TEMPO.CO, Jakarta - Lembaga Perlindungan Saksi dan Korban (LPSK) menyatakan layanan perlindungan terhadap saksi dan korban menarik perhatian dunia internasional. Ketua LPSK Abdul Haris Semendawai merujuk pada undangan dari United Nations Counter Terorism Center di Amerika Serikat. "LPSK diundang untuk menjelaskan penanganan korban terorisme," kata Ketua LPSK Abdul Haris Semendawai melalui keterangan tertulisnya, 3 Februari 2016.
Abdul mengatakan perhatian dunia terhadap LPSK ini tak lepas dari peningkatan jumlah kasus yang ditangani lembaga itu. Pada 2011, permohonan perlindungan ke LPSK hanya 340 kasus. Permohonan terus meningkat di dua tahun berikutnya, yakni 655 kasus, dan 1.560 kasus. Pada 2014, permohonan sempat turun menjadi 1.076 kasus. Namun tahun lalu meningkat lagi hingga 1.590 kasus.
Menurut Abdul, aturan perlindungan saksi korban sempat berubah di tingkat internasional yang mempengaruhi Indonesia. Namun pola perlindungan saksi korban di Indonesia justru menjadi rujukan. “Bahkan Badan Khusus Kriminalitas Uni Eropa (Europol) juga sempat mengundang LPSK untuk mendengar paparan pelaksanaan rehabilitasi psikososial di Indonesia,” kata Abdul.
Peningkatan permohonan perlindungan dari masyarakat, kata Abdul, tak lepas dari kesadaran akan pentingnya hak saksi dan korban dalam pengungkapan tindak pidana. Undang-Undang Nomor 13 Tahun 2006 tentang Perlindungan Saksi dan Korban yang diperbarui dengan Undang-Undang Nomor 31 Tahun 2014 semakin memantapkan posisi hak saksi dan korban tindak pidana. “Hak saksi dan korban dalam peradilan semakin dijamin negara,” kata Abdul.

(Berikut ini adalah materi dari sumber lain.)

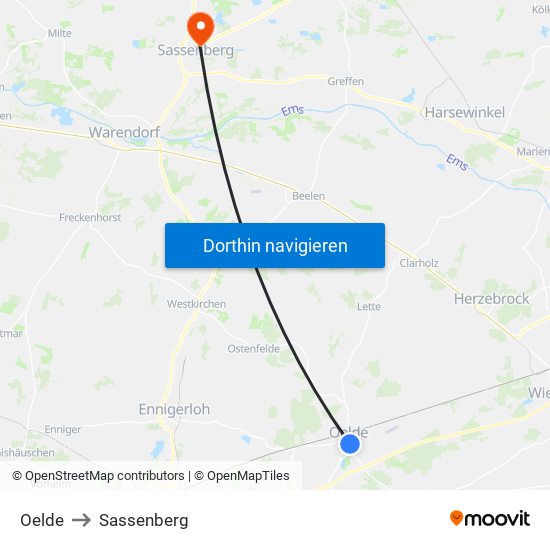 Oelde to Sassenberg map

Wakil Ketua LPSK Askari Razak mengungkap sejumlah alasan seseorang tak ingin menjadi saksi tindak pidana. “Alasannya bisa berupa ketakutan si saksi akan intimidasi, bujuk rayu, atau kekhawatiran jika nanti statusnya malah naik menjadi tersangka,” kata Askari, Rabu, 3 Januari 2016. “LPSK juga tentu mendukung kerja aparat penegak hukum dalam mengungkap sebuah tindak pidana.”